If the version of Boost that you can install from your distribution does not present a C++11 ABI, you will need to install Boost yourself. (If it does, you can just install that.)

wget http://sourceforge.net/projects/boost/files/boost/1.55.0/boost_1_55_0.tar.bz2/download
tar -xvjf boost_1_55_0.tar.bz2
cd boost_1_55_0
./bootstrap.sh --prefix=$HOME/.local
./b2 cxxflags="-std=c++11"
./b2 install

Make sure to add $HOME/.local/include to your CPLUS_INCLUDE_PATH, and $HOME/.local/lib to your LD_LIBRARY_PATH.

####Install CPPUnit

The C++ code includes test cases, which you can run if you have a version of CPPUnit installed that has been built with an appropriate compiler. You probably don't need to build it in C++11 mode, as it doesn't use any STL in its API.

wget "http://downloads.sourceforge.net/project/cppunit/cppunit/1.12.1/cppunit-1.12.1.tar.gz?r=http%3A%2F%2Fsourceforge.net%2Fapps%2Fmediawiki%2Fcppunit%2Findex.php%3Ftitle%3DMain_Page&ts=1403118115&use_mirror=softlayer-dal"
tar -xvzf cppunit-1.12.1.tar.gz
cd cppunit-1.12.1
./configure --prefix=$HOME/.local
make
make install

Again, make sure your environment variables are set so that your compiler snd linker will pick up your installed CPPUnit.
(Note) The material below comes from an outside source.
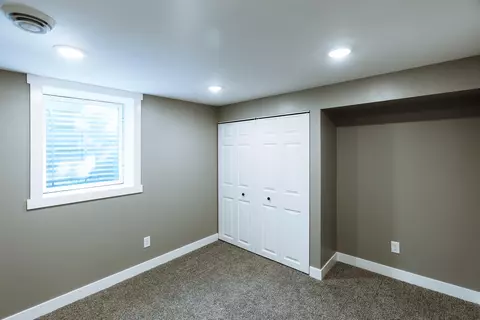 Bedroom - 1106 Omaha St, Belle Fourche, SD 57717 photo 7 of 8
###Scala Library Dependencies

Almost all the Scala dependencies are automatically downloaded and installed by sbt. However, some need to be built from source in order for them to be properly configured for your environment.

####Install Apache Spark 1.0.0

Make sure to set SPARK_HADOOP_VERSION=<your Hadoop version> and SPARK_YARN=<true or false depending on whether you want to use the new map- reduce>.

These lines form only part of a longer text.